As a freelance journalist working for publications such as The New York Times, The Wall Street Journal, and Glamour, Caitlin Kelly was far removed from the working experience of the retail sales assistant. Like most of us, her experience of retail was mainly as a customer. However, the knock-on effects of the financial recession in late 2008 led to many white-collar workers having to look for alternative jobs due to widespread redundancies. Kelly was one of the casualties of the recession, and the alternative job she found herself doing was as a part-time retail sales assistant with well-known outdoor clothing store The North Face.

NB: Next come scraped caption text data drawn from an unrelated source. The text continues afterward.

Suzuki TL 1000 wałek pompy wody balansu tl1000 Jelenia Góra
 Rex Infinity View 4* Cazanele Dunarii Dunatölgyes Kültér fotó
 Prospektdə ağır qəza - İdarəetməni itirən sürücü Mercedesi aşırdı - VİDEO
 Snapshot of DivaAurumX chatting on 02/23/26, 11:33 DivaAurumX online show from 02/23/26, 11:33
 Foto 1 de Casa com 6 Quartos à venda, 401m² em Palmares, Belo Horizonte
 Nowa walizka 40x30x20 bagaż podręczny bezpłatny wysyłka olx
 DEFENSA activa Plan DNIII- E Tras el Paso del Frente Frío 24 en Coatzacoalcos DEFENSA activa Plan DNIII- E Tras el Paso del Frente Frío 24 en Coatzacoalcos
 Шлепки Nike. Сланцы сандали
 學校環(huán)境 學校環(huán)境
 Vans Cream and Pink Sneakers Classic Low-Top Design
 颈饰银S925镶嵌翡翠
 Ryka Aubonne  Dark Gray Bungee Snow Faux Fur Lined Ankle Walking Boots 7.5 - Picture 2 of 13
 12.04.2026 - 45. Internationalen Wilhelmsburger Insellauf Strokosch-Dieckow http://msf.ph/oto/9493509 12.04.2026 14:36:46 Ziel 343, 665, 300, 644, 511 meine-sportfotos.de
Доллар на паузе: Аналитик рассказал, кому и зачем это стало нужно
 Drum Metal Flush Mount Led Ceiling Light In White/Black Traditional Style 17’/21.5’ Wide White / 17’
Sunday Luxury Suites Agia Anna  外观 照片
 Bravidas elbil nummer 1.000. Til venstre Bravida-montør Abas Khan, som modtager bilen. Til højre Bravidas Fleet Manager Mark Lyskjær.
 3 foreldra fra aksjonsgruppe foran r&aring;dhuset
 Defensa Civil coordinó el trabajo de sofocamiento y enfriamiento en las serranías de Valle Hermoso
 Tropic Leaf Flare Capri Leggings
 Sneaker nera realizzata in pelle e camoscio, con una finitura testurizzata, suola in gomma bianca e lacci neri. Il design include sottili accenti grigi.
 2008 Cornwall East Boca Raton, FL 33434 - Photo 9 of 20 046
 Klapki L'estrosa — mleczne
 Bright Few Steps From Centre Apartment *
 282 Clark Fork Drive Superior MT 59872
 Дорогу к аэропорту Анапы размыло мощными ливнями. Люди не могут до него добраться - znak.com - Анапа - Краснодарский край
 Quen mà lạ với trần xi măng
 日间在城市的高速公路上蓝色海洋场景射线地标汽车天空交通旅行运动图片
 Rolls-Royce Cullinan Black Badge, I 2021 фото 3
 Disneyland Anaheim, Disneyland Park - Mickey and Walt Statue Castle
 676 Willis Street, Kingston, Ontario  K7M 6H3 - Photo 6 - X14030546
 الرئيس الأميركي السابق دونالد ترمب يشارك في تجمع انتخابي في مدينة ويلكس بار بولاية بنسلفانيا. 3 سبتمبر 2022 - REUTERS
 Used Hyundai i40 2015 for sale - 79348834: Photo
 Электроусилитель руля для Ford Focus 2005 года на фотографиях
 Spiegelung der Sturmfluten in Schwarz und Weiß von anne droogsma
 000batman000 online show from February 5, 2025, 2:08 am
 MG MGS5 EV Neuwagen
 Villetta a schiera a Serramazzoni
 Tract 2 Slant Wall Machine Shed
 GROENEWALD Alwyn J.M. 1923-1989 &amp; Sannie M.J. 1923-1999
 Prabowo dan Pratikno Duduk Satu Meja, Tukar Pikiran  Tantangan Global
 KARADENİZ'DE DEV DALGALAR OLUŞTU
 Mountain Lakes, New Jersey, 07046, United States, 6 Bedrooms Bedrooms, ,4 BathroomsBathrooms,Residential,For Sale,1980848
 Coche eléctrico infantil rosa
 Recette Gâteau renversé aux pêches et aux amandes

In Malled: My Unintentional Career in Retail, Kelly recounts her journey as a part-time retail assistant/associate (RA). The book is laid out in a roughly chronological format and weaves in the stories of her fellow assistants. The fact that Kelly worked for only one day a week at this store and still felt as she did about it, is a taste of how intense and demoralising it likely was for those who worked there full-time, depended on their wage there and had little hope of changing careers, especially during the recession.
Kelly exposes not only the corporate bureaucracy of large chains such as The North Face, but also her own fears and insecurities, particularly the way that it felt to be caught between the whims of management and customers alike and how demeaning and undervalued this job made her feel. This was the issue that stood out for me about the book and ultimately about the retail industry. The over-riding and universal "customer is always right" philosophy pervades this industry, but it was interesting to hear about how this is experienced from the point of view of the RA; who can be abused by certain customers who use this "customer is always right" mantra to satisfy their own whims and need for superiority. It certainly seems to be the case that there are some customers who treat retail stores and the assistants who work in them with very little respect, but is that because no-one is communicating that they should be respected or treated fairly?
It can be a similar story online as well and eBay is a case in point. This giant online sales platform has cultivated a very clear policy that the customer is ALWAYS right. Sellers can only leave positive feedback for their customers, regardless of how they have been treated and there are some unpleasant tales out there of how some buyers have behaved. For the buyers on eBay it is a different matter – they are able to leave positive, negative or neutral feedback, and on the sellers' forums there are many examples of how buyers have abused this power.